Crawford County, Iowa, IAGenWeb


William Bretthauer

Judged by the standard of industry, perseverance and sound management, William Bretthauer, of Charter Oak, is one of the fortunate citizens of Crawford county. He is also the owner of one of the highly productive farms of the township and is recognized as one of the valuable members of an intelligent community. He owes his present happy condition entirely to his own exertions.

He is a native of Clinton county, Iowa, born May 5, 1865, a son of Christian and Mina (Plough) Bretthauer, both of whom were born in Germany. They were married in America and came to Iowa in 1851, spending the first two years in this state in Jackson county. They then removed to Clinton county, where Mr. Bretthauer engaged in farming until his youngest heir became of age. He died in August, 1873. The mother is still living on the old homestead with one of her sons and has now reached the age of seventy-one years.

Nine children were born to them, namely: August, now deceased; Henry, of Monona county, Iowa; Emma, the wife of Julia Brodersen, of Huron, South Dakota; Anna, who died at the age of three years; Herman, of Clinton county; William, the subject of this review; Minnie, now the wife of Martin Petersen, of Preston, Iowa; Louis, who is living on the old homestead in Clinton county; and Charley, who died at the age of twenty-seven years.

William Bretthauer was reared upon his father's farm and possessed advantages of education in the district schools of the neighborhood. He remained at home until twenty-two years of age and then worked for wages for three years. In 1890 he purchased eighty acres which constitutes a part of the farm that he now owns and has since made further additions until his farm comprises one hundred and eighty acres of well cultivated land. He has followed a wise and judicious system of mixed farming, dividing the risks and profits among varied interests rather than staking it all upon one enterprise. He is a fancier of shorthorn cattle and also feeds cattle and hogs for market, using all his grain in this way. He has shown excellent judgment in business and as his stock meets with a ready sale, his resources each year represent a gratifying increase.

In 1890 Mr. Bretthauer was united in marriage to Miss Emma Fehmerling, who was born in Germany, February 23, 1868, a daughter of Gottlieb and Sophia (Kramer) Fehmerling. They came to America in 1884, first stopping in Chicago, and two years later settled in Crawford county, Iowa, where the father operated a brickyard. In 1893 he moved to Hanover township, where he continned until his death, which occurred in 1901, the mother passing away in November, 1906.

Eleven children were born to Mr. and Mrs. Fehmerling, namely: Freda, the widow of Charles Schelm, of Denison, Iowa; Emma, now Mrs.

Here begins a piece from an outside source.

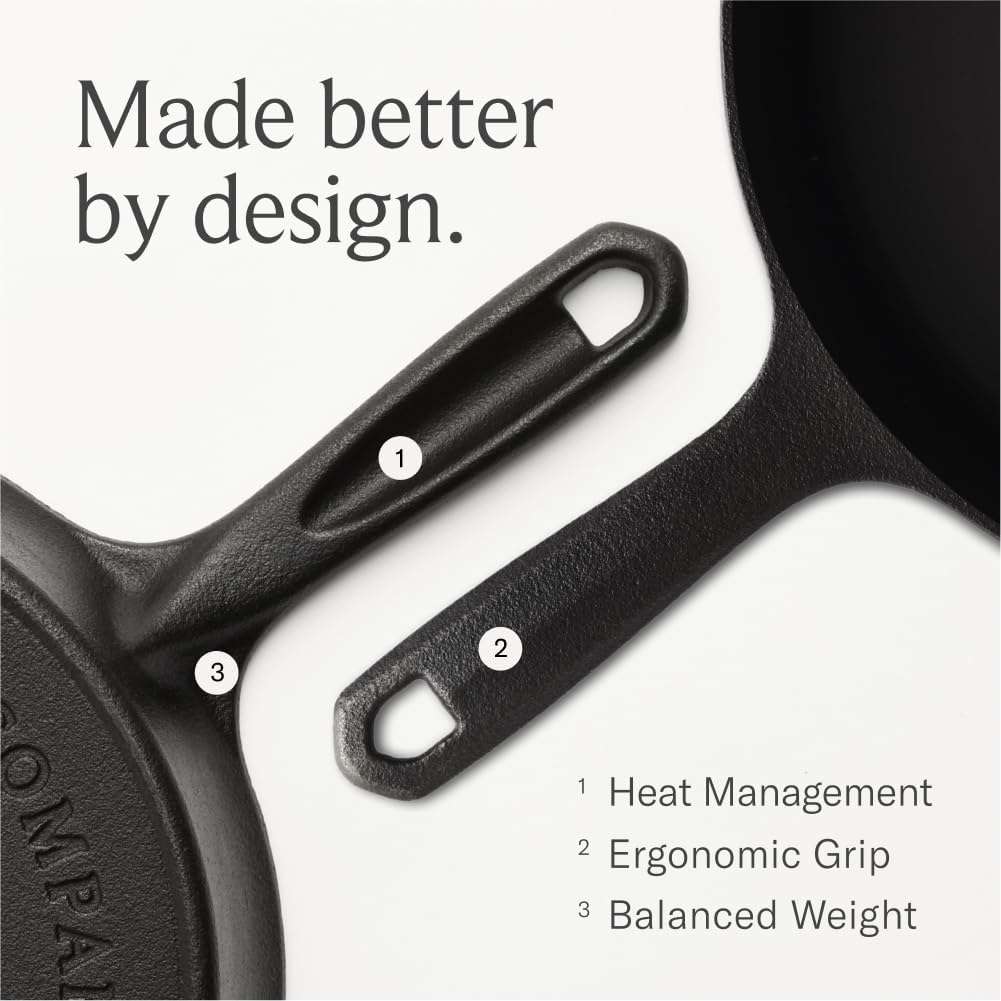 Field Company Starter Set – 10-Inch Cast Iron Skillet No.8 with Cleaning Kit: Natural Fiber Brush, Chain Mail Scrubber & Organic Seasoning Oil – Lightweight, Preseasoned, Made in USA, Vintage Design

William Bretthauer; Gottlieb, of Nebraska; and Dorothea, Johanna, Gustave, Wilhelm, Louise, Charles, Henry and Augusta, all of whom are deceased.

Mr. and Mrs. Bretthauer have seven children: Lulu, who was born October 11, 1891, and is now attending college at Denison; Edna, who was born October 28, 1893, and will enter college in the fall of 1911; Carl, who was born July 15, 1895, and is now a student of the Charter Oak high school; Martin, who was born September 13, 1896, and is now finishing the German course in school; Anna. born July 29, 1900; Ruth, born March 14, 1904; and Mildred, born April 14, 1907.

Mr. Bretthauer is greatly interested in education, as is also his wife, and they are giving their children the very best advantages available, thus preparing them thoroughly for the great battle of life. Alert, enterprising and efficient, Mr. Bretthauer uses his best energies in everything he undertakes and never allows himself to be cast down by difficulties. This is the secret of his success. He and his wife are consistent members of the German Lutheran church and firm believers in the authority and inspiration of the Bible. Politically he casts his vote in support of the democratic party.